Moreover, CBD is currently categorized as a food supplement and has no MHRA medicinal or herbal authorization. That’s why no medicinal claims cannot be legally attached to its use. However, it has more implications. Achieving MHRA authorization requires the substance to maintain highly reproducible percentage limits of the mentioned drug content. This is usually between 90 to 110 percent. What this implies is that an Atorvastatin 10mg tablet, for example, needs to contain between 9 to 11mg of Atorvastatin. Clearly, this is vital in order to maintain therapeutic continuity. The lack of MHRA authorization means this isn’t a requirement, and so, the quality control process is not as stringent.
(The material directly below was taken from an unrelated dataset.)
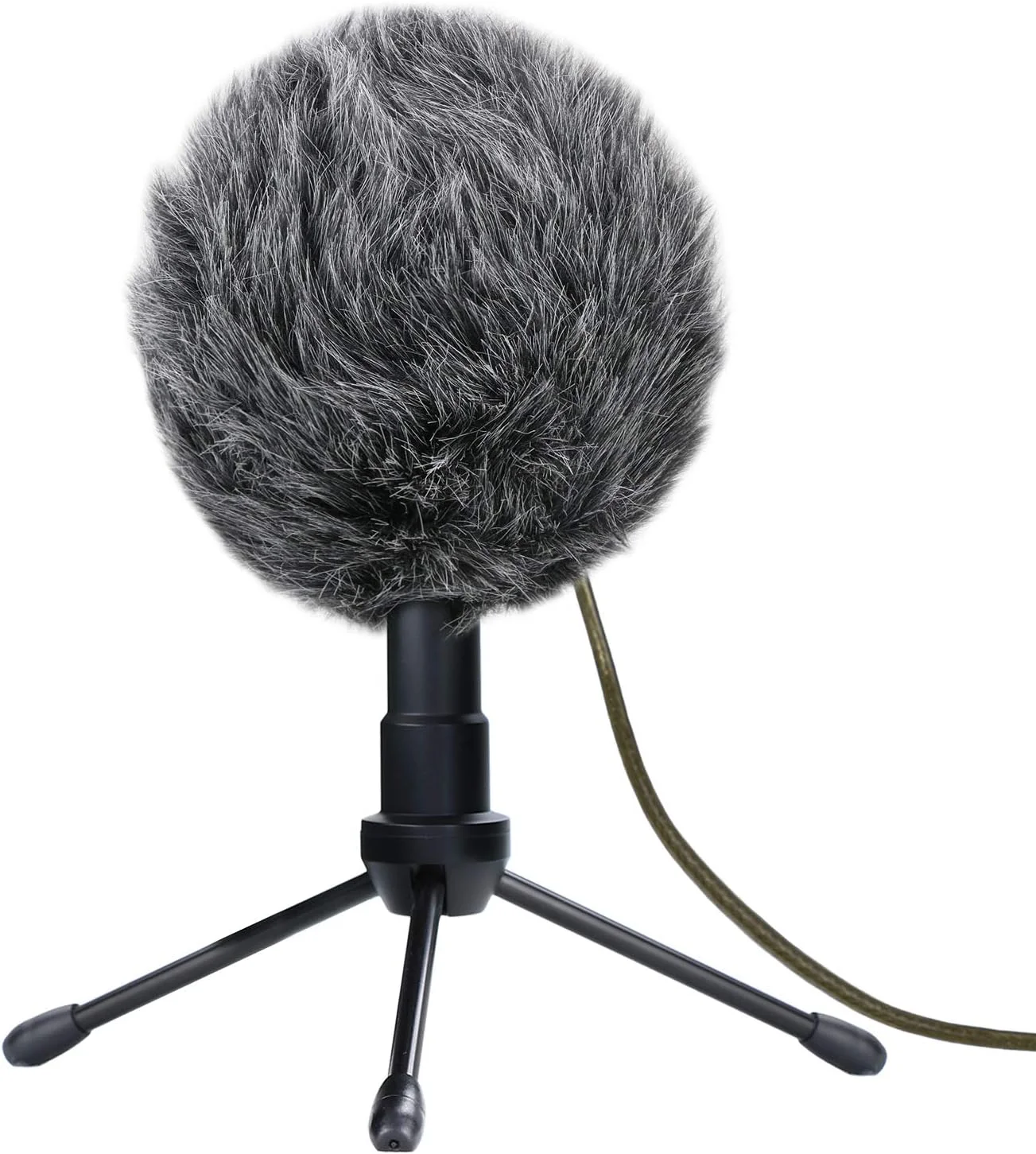 محافظ بادگیر خزدار YOUSHARES - فیلتر پاپ سفارشی برای میکروفون، پوشش بادگیر Deadcat برای بهبود کیفیت صدای میکروفون Blue Snowball iCE (خاکستری)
A good example here is unlicensed Vitamin D supplements. According to a study published in 2013 by Garg S, 15 different preparations were analyzed, and only 8 were found to contain within the 10 percent of the stated dose, and the actual doses ranged from 8 to 201 percent of the stated content. Another study found variation even within pills from the same packaging ranged from 52 to 126 percent of the stated dose. The possibility of such a variation in CBD creates a higher level of uncertainty around its use for therapeutic purposes, something important to convey to patients.
Once you have portrayed the above points, it is the patient’s choice whether to indulge or not. As with most discussions surrounding medication or treatment, explaining the benefits vs risks is the most important thing. Some things are red flags for extra caution, high-risk drug interactions being a good example. However, if there are major benefits and there are no adverse effects to be deduced, then a managed approach to safe consumption is certainly the best strategy.
Every patient is different and so, don’t be afraid to ask for more time in order to formulate an answer you are confident with. Keep in mind that there’s no definitive answer and the decision is up to the patient. As medical professionals, our duty is to advise based on our professional judgment and create a safe space for patients to explore the available treatment options.